As a divalent group derived from a condensed aromatic heterocyclic ring in which three or more rings are condensed, at least one heteroatom selected from the group consisting of N, O, and S constitutes a condensed ring. It is preferably an aromatic heterocondensed ring contained as an element, specifically, an acridine ring, a benzoquinoline ring, a carbazole ring, a phenazine ring, a phenanthridine ring, a phenanthroline ring, a carboline ring, a cyclazine ring, a kindline ring, tepenidine ring, quinindrine ring, tripenodithiazine ring, tripenodioxazine ring, phenanthrazine ring, anthrazine ring, perimidine ring, diazacarbazole ring (any one of the carbon atoms constituting the carboline ring is replaced with a nitrogen atom ), phenanthroline ring, dibenzofuran ring, dibenzothiophene ring, naphthofuran ring, naphthothiophene ring, benzodifuran ring, benzodithiophene ring, naphthodifuran ring, naphthodithiophene ring, anthrafuran ring, anthradifuran ring, anthrathiophene ring , anthradithiophene ring, thianthrene ring, phenoxathiin ring, and thiophanthrene ring (naphthothiophene ring).

Other forms of the divalent group of L ₁ include a chalcogen atom and a heterohydrocarbon group containing a chalcogen atom. Specific examples include O, S, alkyleneoxy groups, alkylenethio groups, and combinations thereof.

Also, the divalent group of L ₁ may be a divalent group represented by the following formula. In the following formulas, "*" represents a binding position. Further, in the divalent groups below, the hydrogen atoms bonded to each carbon atom may be substituted with a monovalent group, and examples of the monovalent group include the substituent W described later.

In Formula 1, X ₁ represents C or N ⁺ , and N ⁺ is preferred in terms of obtaining a composite having superior effects of the present invention.

As the organic compound represented by Formula 1, organic compounds represented by the following formulas (1a) to (1c) are preferable, and organic compounds represented by (1a) are more preferable.

In the above formula, the forms of R ₁ and L ₁ are the same as the symbols in formula 1 already explained. Although R ₃ in Formula 2 is not particularly limited, a group represented by *-C(Ra)-* is preferred, and Ra includes a hydrogen atom or a monovalent hydrocarbon group for R ₁ .

In Formula 2, R ₂ represents a hydrogen atom or a monovalent hydrocarbon group, and the monovalent hydrocarbon group is not particularly limited, but the monovalent hydrocarbon group of R ₁ in Formula 1 has been described. A form similar to is preferred.
In Formula 2, L ₂ represents a single bond or a divalent group, and the divalent group of L ₂ is not particularly limited, but the same form as described for the divalent group of L ₁ in Formula 1 is preferred.
In Formula 2, X ₂ represents C or N ⁺ , preferably N ⁺ .

The compound represented by formula 2 is not particularly limited, but includes compounds represented by the following formulas (2a) to (2c).
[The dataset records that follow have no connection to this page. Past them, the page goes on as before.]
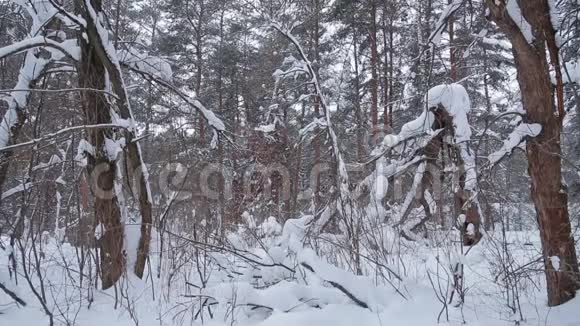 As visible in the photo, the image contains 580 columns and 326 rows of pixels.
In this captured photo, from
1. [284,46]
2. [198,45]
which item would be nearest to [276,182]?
[284,46]

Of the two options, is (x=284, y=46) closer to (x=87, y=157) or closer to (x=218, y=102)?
(x=218, y=102)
In the above formula, R ₃ represents a divalent group, and R ₃ preferably has the same form as R ₃ in formula 1c already explained.

In the composite according to the embodiment of the present invention, at least one of the specific organic compounds is retained in the layered clay mineral (typically between the layers) in excess of 70% equivalent of the cation exchange capacity of the layered clay mineral. It is Hereinafter, in this specification, the amount of the specific organic compound retained in the layered clay mineral is also simply referred to as "retained amount".

That is, in the composite according to the embodiment of the present invention, at least one of the specific organic compounds is retained in the layered clay mineral, and the retention amount exceeds 70% equivalent of the cation exchange capacity of the layered clay mineral. Complex.
When two or more of the specific organic compounds are retained in the layered clay mineral, the total retention amount of the specific organic compounds is preferably within the above numerical range.

As used herein, the term "retained amount" means the following values.
First, the raw material clay (layered clay mineral) is saturated with Ca ions with a calcium chloride solution (1N), an ammonium acetate solution (1N) is added, and the leached Ca ions are analyzed by atomic absorption spectrometry or coupled plasma emission spectrometry (ICP). ) to determine the cation exchange capacity of the layered clay mineral itself.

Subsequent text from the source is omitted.